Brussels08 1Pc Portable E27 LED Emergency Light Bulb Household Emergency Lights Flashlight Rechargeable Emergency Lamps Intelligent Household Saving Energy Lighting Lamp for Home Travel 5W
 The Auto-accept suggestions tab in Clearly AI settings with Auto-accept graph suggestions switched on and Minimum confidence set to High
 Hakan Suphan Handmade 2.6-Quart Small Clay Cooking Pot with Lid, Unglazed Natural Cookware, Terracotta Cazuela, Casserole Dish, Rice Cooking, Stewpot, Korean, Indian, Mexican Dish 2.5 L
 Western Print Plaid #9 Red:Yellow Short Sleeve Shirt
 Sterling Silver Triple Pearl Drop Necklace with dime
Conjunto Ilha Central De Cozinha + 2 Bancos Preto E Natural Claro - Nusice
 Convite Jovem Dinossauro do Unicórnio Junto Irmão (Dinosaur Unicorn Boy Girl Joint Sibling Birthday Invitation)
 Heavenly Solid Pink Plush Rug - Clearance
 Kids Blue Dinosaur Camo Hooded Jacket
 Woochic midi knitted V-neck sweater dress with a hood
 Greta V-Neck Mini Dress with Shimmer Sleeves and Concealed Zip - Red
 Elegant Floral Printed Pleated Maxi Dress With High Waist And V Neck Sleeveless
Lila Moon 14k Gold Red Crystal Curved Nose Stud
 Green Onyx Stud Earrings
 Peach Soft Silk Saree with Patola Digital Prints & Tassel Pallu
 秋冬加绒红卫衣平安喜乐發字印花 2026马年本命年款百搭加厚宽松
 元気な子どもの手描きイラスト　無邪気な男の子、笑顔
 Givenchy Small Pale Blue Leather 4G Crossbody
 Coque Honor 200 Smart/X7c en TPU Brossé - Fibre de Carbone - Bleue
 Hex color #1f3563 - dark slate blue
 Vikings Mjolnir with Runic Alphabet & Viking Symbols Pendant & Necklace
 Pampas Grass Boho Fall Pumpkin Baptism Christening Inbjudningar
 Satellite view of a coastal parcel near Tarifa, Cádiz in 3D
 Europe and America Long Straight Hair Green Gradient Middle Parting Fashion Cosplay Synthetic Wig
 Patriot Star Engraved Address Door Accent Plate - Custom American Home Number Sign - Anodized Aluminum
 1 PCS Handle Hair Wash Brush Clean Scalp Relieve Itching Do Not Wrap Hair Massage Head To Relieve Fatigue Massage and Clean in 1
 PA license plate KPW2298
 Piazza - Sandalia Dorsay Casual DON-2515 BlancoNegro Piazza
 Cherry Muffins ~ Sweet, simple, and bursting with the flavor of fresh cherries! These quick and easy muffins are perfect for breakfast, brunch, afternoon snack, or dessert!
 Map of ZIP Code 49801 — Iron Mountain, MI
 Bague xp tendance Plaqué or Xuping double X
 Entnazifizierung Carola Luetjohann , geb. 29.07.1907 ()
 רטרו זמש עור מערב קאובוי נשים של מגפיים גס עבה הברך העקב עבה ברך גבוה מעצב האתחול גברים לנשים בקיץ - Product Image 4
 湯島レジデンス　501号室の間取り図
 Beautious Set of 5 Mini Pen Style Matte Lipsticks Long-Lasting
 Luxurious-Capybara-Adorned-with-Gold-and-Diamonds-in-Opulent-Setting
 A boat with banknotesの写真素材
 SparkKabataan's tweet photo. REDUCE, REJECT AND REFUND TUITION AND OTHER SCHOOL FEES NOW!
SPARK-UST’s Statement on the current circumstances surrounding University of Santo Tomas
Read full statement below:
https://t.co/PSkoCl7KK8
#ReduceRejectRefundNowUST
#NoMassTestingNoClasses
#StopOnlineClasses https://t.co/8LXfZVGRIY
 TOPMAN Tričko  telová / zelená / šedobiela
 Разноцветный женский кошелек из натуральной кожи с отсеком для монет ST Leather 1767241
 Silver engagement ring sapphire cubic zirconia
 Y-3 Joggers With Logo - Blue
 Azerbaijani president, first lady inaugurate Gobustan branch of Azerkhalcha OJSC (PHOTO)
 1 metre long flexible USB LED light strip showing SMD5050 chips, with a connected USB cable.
──────────
Work to complete. Set down the entire material again, exactly as it stands.

Exercise answer.
Brussels08 1Pc Portable E27 LED Emergency Light Bulb Household Emergency Lights Flashlight Rechargeable Emergency Lamps Intelligent Household Saving Energy Lighting Lamp for Home Travel 5W
 The Auto-accept suggestions tab in Clearly AI settings with Auto-accept graph suggestions switched on and Minimum confidence set to High
 Hakan Suphan Handmade 2.6-Quart Small Clay Cooking Pot with Lid, Unglazed Natural Cookware, Terracotta Cazuela, Casserole Dish, Rice Cooking, Stewpot, Korean, Indian, Mexican Dish 2.5 L
 Western Print Plaid #9 Red:Yellow Short Sleeve Shirt
 Sterling Silver Triple Pearl Drop Necklace with dime
Conjunto Ilha Central De Cozinha + 2 Bancos Preto E Natural Claro - Nusice
 Convite Jovem Dinossauro do Unicórnio Junto Irmão (Dinosaur Unicorn Boy Girl Joint Sibling Birthday Invitation)
 Heavenly Solid Pink Plush Rug - Clearance
 Kids Blue Dinosaur Camo Hooded Jacket
 Woochic midi knitted V-neck sweater dress with a hood
 Greta V-Neck Mini Dress with Shimmer Sleeves and Concealed Zip - Red
 Elegant Floral Printed Pleated Maxi Dress With High Waist And V Neck Sleeveless
Lila Moon 14k Gold Red Crystal Curved Nose Stud
 Green Onyx Stud Earrings
 Peach Soft Silk Saree with Patola Digital Prints & Tassel Pallu
 秋冬加绒红卫衣平安喜乐發字印花 2026马年本命年款百搭加厚宽松
 元気な子どもの手描きイラスト　無邪気な男の子、笑顔
 Givenchy Small Pale Blue Leather 4G Crossbody
 Coque Honor 200 Smart/X7c en TPU Brossé - Fibre de Carbone - Bleue
 Hex color #1f3563 - dark slate blue
 Vikings Mjolnir with Runic Alphabet & Viking Symbols Pendant & Necklace
 Pampas Grass Boho Fall Pumpkin Baptism Christening Inbjudningar
 Satellite view of a coastal parcel near Tarifa, Cádiz in 3D
 Europe and America Long Straight Hair Green Gradient Middle Parting Fashion Cosplay Synthetic Wig
 Patriot Star Engraved Address Door Accent Plate - Custom American Home Number Sign - Anodized Aluminum
 1 PCS Handle Hair Wash Brush Clean Scalp Relieve Itching Do Not Wrap Hair Massage Head To Relieve Fatigue Massage and Clean in 1
 PA license plate KPW2298
 Piazza - Sandalia Dorsay Casual DON-2515 BlancoNegro Piazza
 Cherry Muffins ~ Sweet, simple, and bursting with the flavor of fresh cherries! These quick and easy muffins are perfect for breakfast, brunch, afternoon snack, or dessert!
 Map of ZIP Code 49801 — Iron Mountain, MI
 Bague xp tendance Plaqué or Xuping double X
 Entnazifizierung Carola Luetjohann , geb. 29.07.1907 ()
 רטרו זמש עור מערב קאובוי נשים של מגפיים גס עבה הברך העקב עבה ברך גבוה מעצב האתחול גברים לנשים בקיץ - Product Image 4
 湯島レジデンス　501号室の間取り図
 Beautious Set of 5 Mini Pen Style Matte Lipsticks Long-Lasting
 Luxurious-Capybara-Adorned-with-Gold-and-Diamonds-in-Opulent-Setting
 A boat with banknotesの写真素材
 SparkKabataan's tweet photo. REDUCE, REJECT AND REFUND TUITION AND OTHER SCHOOL FEES NOW!
SPARK-UST’s Statement on the current circumstances surrounding University of Santo Tomas
Read full statement below:
https://t.co/PSkoCl7KK8
#ReduceRejectRefundNowUST
#NoMassTestingNoClasses
#StopOnlineClasses https://t.co/8LXfZVGRIY
 TOPMAN Tričko  telová / zelená / šedobiela
 Разноцветный женский кошелек из натуральной кожи с отсеком для монет ST Leather 1767241
 Silver engagement ring sapphire cubic zirconia
 Y-3 Joggers With Logo - Blue
 Azerbaijani president, first lady inaugurate Gobustan branch of Azerkhalcha OJSC (PHOTO)
 1 metre long flexible USB LED light strip showing SMD5050 chips, with a connected USB cable.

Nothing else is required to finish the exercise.